Data provided:

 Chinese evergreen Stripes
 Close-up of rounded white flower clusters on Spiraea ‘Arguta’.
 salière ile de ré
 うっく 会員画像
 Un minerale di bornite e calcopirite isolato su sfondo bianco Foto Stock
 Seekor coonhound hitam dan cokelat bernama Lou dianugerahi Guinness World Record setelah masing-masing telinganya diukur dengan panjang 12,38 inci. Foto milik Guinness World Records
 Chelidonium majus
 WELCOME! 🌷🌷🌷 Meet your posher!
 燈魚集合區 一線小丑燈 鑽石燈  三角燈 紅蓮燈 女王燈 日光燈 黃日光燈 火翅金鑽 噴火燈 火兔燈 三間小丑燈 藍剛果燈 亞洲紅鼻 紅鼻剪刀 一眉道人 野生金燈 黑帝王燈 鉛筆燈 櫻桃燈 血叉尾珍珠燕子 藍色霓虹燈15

Your instructions: Copy out the line containing "Seekor coonhound hitam", then every line after it through the end of the listing, exactly and with nothing else.

Result of this task:
 Seekor coonhound hitam dan cokelat bernama Lou dianugerahi Guinness World Record setelah masing-masing telinganya diukur dengan panjang 12,38 inci. Foto milik Guinness World Records
 Chelidonium majus
 WELCOME! 🌷🌷🌷 Meet your posher!
 燈魚集合區 一線小丑燈 鑽石燈  三角燈 紅蓮燈 女王燈 日光燈 黃日光燈 火翅金鑽 噴火燈 火兔燈 三間小丑燈 藍剛果燈 亞洲紅鼻 紅鼻剪刀 一眉道人 野生金燈 黑帝王燈 鉛筆燈 櫻桃燈 血叉尾珍珠燕子 藍色霓虹燈15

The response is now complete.